Futurologist Yuval Noah Harari anticipates the imminent rise of Homo deus: a species of humanity that can “play god” by manipulating nature in myriad ways, including delaying and ultimately even conquering death. Most of the technological trends identified by the US Department of Defense as crucial in the coming years were unheard of just 30 years ago.

On the other hand, much of humanity is besieged by feelings of helplessness and frustration, owing to the challenges we seem unable to resolve, from pollution and climate change to unrelenting radicalism and terrorism. Economic inequality – reinforced by job losses from automation, deeply entrenched social orders, and damaging political power dynamics – has contributed substantially to this sense of powerlessness.

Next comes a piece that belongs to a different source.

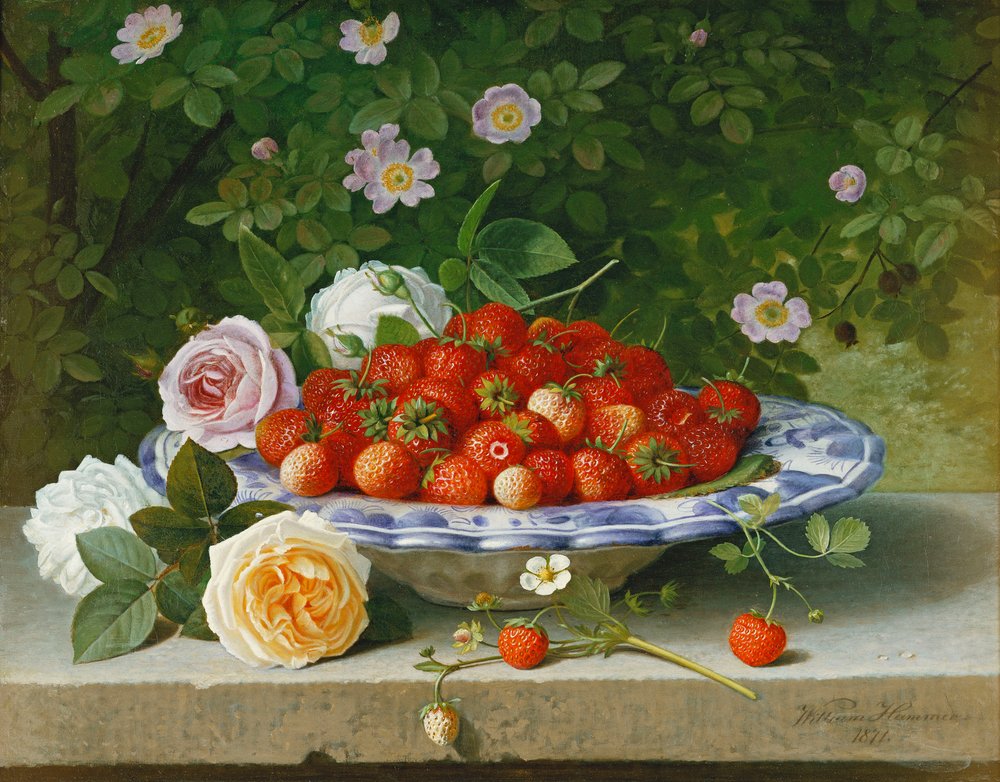 Fragole in un Piatto Blu e Bianco con Rose e Rosa Canina su un Ripiano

At a time when our power of creation, matched by our power of destruction, has reached unprecedented levels – when one weapons launch could change the course of history – the development of a more equitable and effective system could not be more urgent. In this new age of complexity, we need a new paradigm for thinking about the world, and thus for guiding our efforts to advance peace and prosperity.

A prevailing worldview has always been essential to shaping human destiny. Alexander the Great would not have conquered most of the known world of his time without the influence of his philosopher-teacher Aristotle. And he was not unique: behind every great empire has been a great philosopher or historian whose worldview imbued the imperial drive with legitimacy and even sacred significance. (Were history written by the victims, not the victors, empire-building would look a lot less glorious.)

As we move to develop a new worldview to guide our future, we must embrace a truly global perspective. In the past, analysis of the evolution of humanity’s worldview has tended to focus on the West, following the European and, later, American progression from exploration, colonization, and empire-building, to industrialization, the diffusion of market relations, and technological innovation.

In the twenty-first century, however, this narrative is being revised. The global economic crisis that originated in the United States in 2007 exposed the fragility of the advanced-country model, giving rise to a new, more multipolar worldview, in which the emerging economies, led by China, India, and Russia, have increasingly challenged the status quo.

Meanwhile, the challenges countries are facing have become increasingly interconnected, with global mega-trends, from climate change to financialization, playing out beyond the purview of individual governments. As the physicist-turned-ecologist Fritjof Capra and the chemist Pier Luigi Luisi remarked in their 2014 book The Systems View of Life, “the major problems of our time are systemic problems – all interconnected and interdependent.” Accordingly, “they require systemic solutions.”

In this context, the world needs a more holistic worldview that accepts the pluralism and diversity – in terms of geography, tradition, and governance models – that reflect and reinforce the complexity of today’s global trends. Such an approach must recognize not just the need for countries to work together to shape the world, but also the limits of our ability to shape it at all.

Humanity has long operated within a paradigm of determinism; we believe we can predict and manipulate outcomes. But we have not discovered any natural laws or equations that explain how life evolved into its current state, much less indicate how it will evolve in the future.

Determinism has run its course, and must be replaced by a paradigm in which uncertainty is accepted as an irreducible fact of life.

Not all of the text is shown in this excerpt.